If that is the case, why pull it when they got "caught"? There is no "source" to compare too, the crack is made by decompiling the original exe into assembly, looking for the DRM checks, and removing them or replacing them with code that always returns the check as passed. The crack exe is normally much smaller then the original, because a lot of assembly has been stripped out. Given the nature of the work and the age of the game, it's doubtful the original group is even around, much less willing to assist an entity that spends most of it's time calling crackers like them the scum of the universe, responsible for every lost sale since the beginning of time.
At the time, it was normal to have working cracks within 24 hours of release, so it can't be that difficult. Given the only way to prove the binary is harmless is to go through it line by line in assembly, it would be easier to develop a crack from scratch then verify an existing one, especially considering they have access to the source to look and see exactly where the DRM would be called to start with.

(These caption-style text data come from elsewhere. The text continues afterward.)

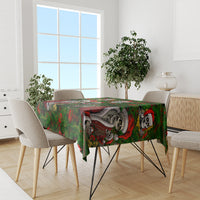 Green skeleton Santa tablecloth on dining table, red and gray skeleton figures repeating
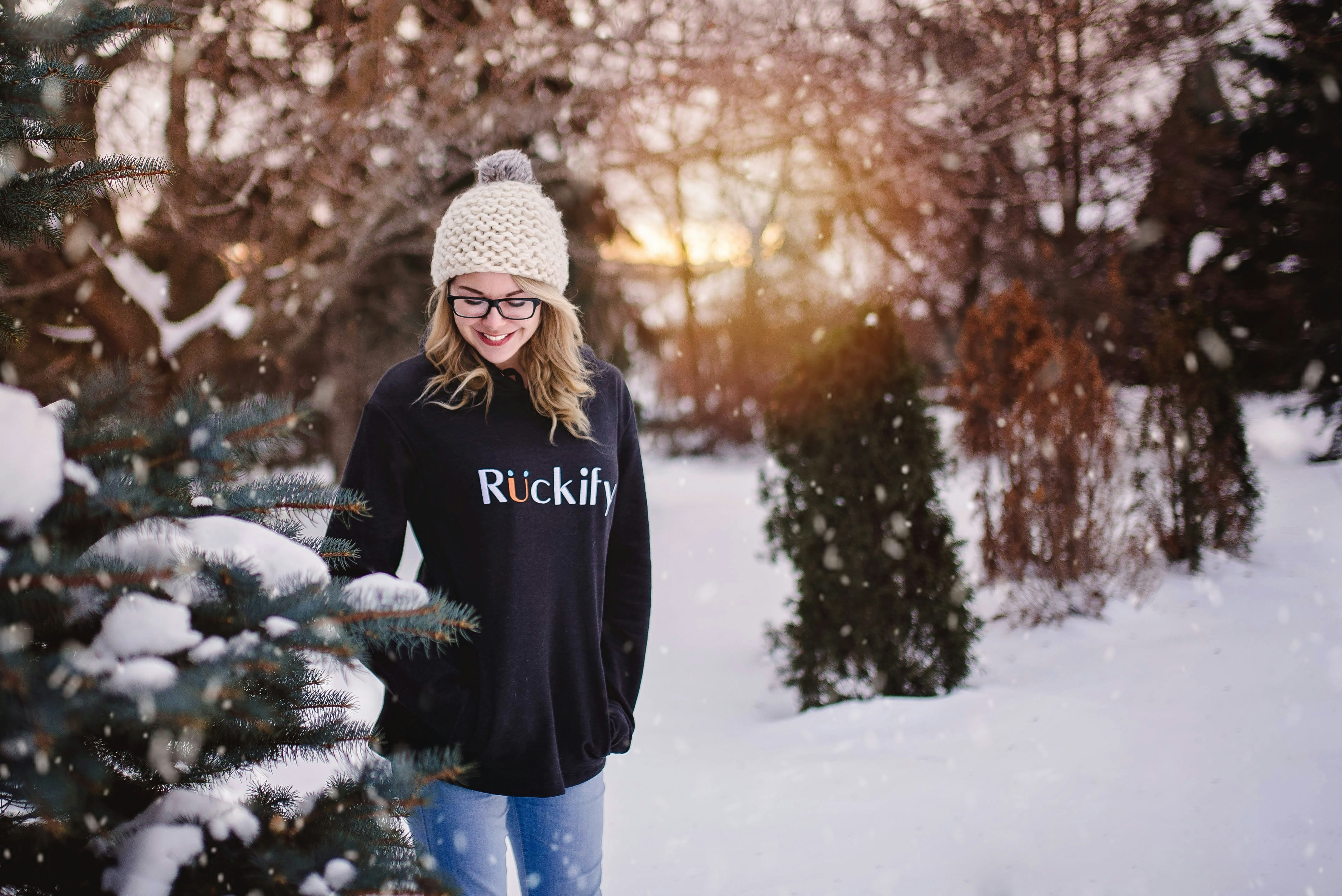 woman wearing knit cap looking at plant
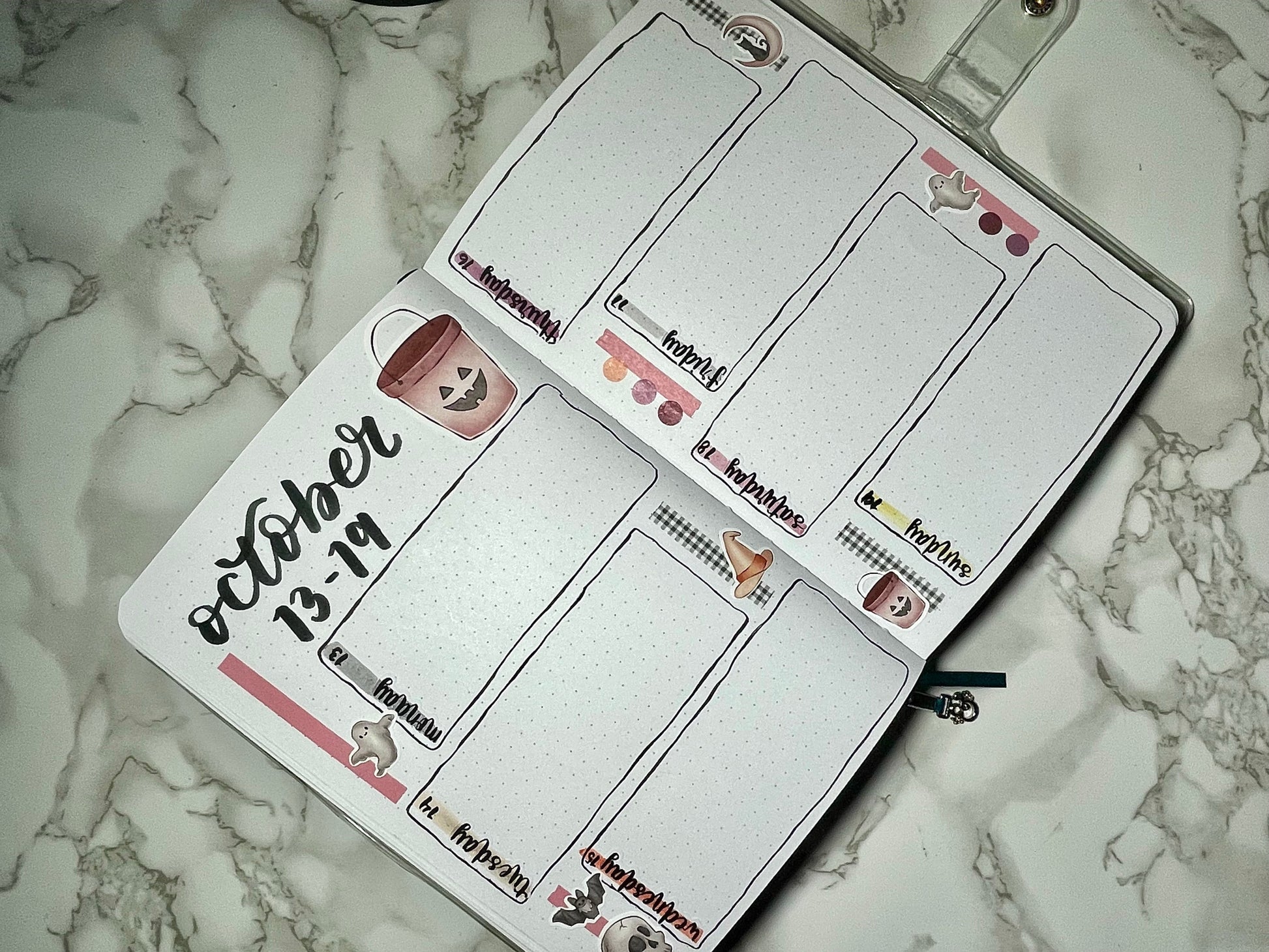Halloween themed bullet journal with a weekly layout on a marble surface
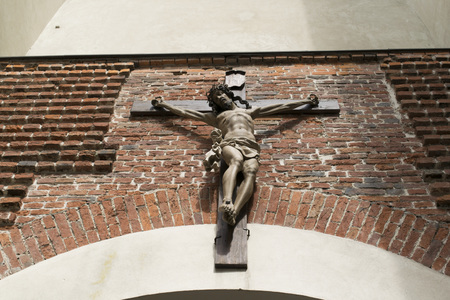 Old medieval crucifix in church - made of wood
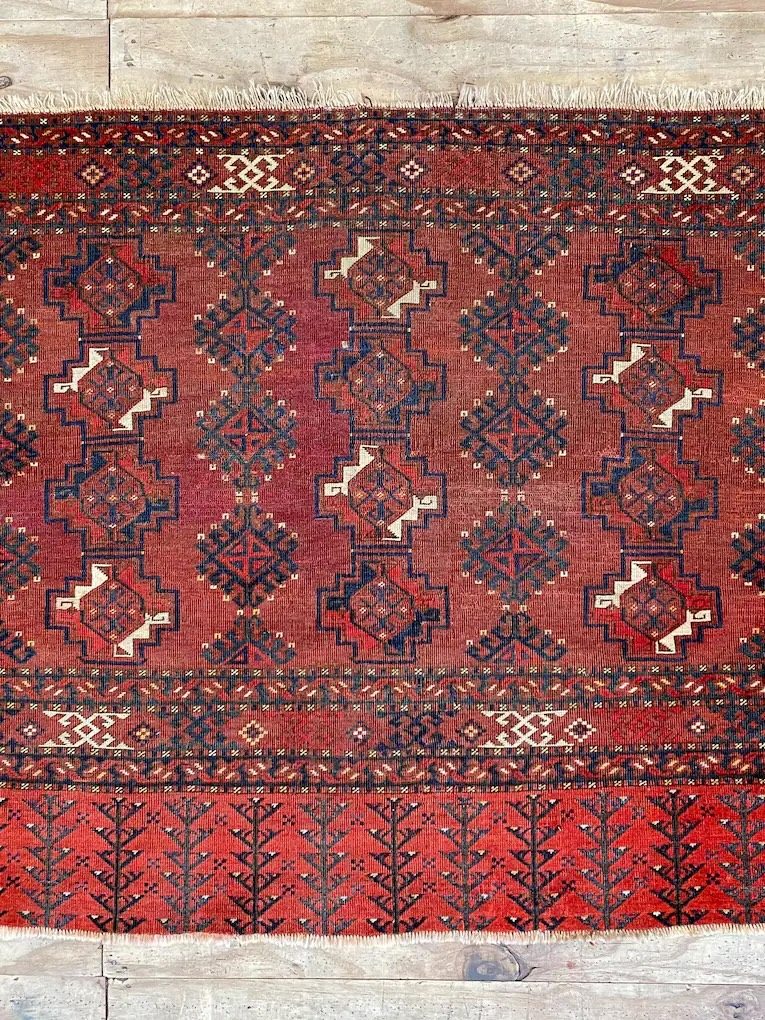 Ersari tribal rug — warm red field with geometric guls
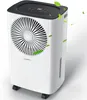 A white dehumidifier with a black top and a circular fan grille on the front, with green leaves floating around it.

I think the crack is probably harmless, 99% of them are. But every time you run an exe as admin(as most of the people who buy this on steam will), you are pretty much letting it do whatever it wants. And that means caution needs to be exercised, especially when the exe has been modified by a source that is inherently untrustworthy. Verifying a binary is harmless is pretty much impossible, even ones made without malicious intent can be dangerous because of bugs. So we are left to the source of the binary to give us our strongest indicator of whether or not it is safe. In this case Rockstar is claiming to be the source, because gamers will trust them, but the actual source is an unknown, unverifiable hacker group known only by an alias and an irc channel. Since the main technical benefit of purchasing the retail product (ethical implications aside) is NOT having to run binaries from shady hacker groups, this is a betrayal of their customers.